China publicly addressed the of deploying the Chinese military to contain the public unrest in Hong Kong for the first time on Wednesday, suggesting that soldiers could be sent in at the request of Hong Kong officials.
China’s defence ministry said it is closely following the developments in the former British colony and pointed out that the government of Hong Kong has the legal right to call in Chinese military to maintain social order in the city.
The comments came at a press conference introducing China new defence white paper.
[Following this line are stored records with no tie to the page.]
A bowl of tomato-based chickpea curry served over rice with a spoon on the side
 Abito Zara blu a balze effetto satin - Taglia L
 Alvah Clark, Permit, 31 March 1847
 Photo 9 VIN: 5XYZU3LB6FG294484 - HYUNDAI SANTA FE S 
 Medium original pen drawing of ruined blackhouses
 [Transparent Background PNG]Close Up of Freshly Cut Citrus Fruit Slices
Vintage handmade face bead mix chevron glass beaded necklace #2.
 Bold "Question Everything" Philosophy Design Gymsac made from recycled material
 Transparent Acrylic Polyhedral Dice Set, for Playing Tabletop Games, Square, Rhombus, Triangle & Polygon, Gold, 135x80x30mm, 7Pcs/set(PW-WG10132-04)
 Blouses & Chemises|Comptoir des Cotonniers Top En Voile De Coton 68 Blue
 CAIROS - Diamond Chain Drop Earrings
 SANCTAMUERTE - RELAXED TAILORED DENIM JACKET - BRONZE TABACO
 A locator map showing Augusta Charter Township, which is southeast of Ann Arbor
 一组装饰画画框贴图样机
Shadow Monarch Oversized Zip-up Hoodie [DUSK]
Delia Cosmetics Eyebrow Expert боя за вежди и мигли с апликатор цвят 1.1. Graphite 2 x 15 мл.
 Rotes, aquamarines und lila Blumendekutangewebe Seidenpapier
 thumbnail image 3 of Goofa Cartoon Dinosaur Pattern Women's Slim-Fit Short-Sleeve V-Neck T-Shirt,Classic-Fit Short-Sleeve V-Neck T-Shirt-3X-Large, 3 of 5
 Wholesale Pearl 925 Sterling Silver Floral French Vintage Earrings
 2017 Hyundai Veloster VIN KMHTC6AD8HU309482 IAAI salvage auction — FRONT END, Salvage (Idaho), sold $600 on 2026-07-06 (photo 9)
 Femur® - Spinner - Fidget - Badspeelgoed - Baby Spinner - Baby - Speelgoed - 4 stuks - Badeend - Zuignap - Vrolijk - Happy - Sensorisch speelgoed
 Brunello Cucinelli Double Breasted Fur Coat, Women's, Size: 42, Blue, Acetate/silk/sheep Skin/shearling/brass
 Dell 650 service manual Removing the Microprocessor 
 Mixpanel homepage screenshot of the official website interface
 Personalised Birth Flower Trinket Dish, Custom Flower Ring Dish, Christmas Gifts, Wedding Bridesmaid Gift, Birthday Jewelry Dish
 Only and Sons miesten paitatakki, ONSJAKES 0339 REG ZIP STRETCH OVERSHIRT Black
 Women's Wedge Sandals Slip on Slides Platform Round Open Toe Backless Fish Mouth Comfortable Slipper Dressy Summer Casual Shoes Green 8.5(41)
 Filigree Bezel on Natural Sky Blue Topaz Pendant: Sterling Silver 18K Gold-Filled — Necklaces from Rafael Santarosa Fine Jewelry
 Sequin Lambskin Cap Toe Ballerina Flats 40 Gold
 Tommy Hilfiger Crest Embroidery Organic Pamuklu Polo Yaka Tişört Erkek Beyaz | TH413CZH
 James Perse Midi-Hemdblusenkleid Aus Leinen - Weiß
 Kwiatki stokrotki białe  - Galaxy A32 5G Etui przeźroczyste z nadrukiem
Asked how the ministry would handle the situation in Hong Kong, a spokesman said only that “Article 14 of the garrison law has clear stipulations”.
Although he did not explicitly offer to send in the military, the comments mark a change in tone in recent days following alarming violence blamed on triad gangs in Hong Kong at the weekend.
Beijing has up until now suggested that Hong Kong authorities can deal with the growing unrest themselves, and has refrained from mentioning Article 14 and the highly controversial deployment of soldiers.
Article 14 of Hong Kong’s Basic Law, the city’s mini-constitution, states: “Military forces stationed by the Central People’s Government in the Hong Kong Special Administrative Region for defence shall not interfere in the local affairs of the Region.”
It goes on: “The Government of the Hong Kong Special Administrative Region may, when necessary, ask the Central People’s Government for assistance from the garrison in the maintenance of public order and in disaster relief.”
The People’s Liberation Army Hong Kong Garrison has been stationed in Hong Kong since Britain returned the sovereignty of Hong Kong to China in 1997. The troop is responsible for defence duties in Hong Kong and safeguarding national sovereignty.
Hong Kong government documents have estimated the number of troops is between 8,000 to 10,000 personnel.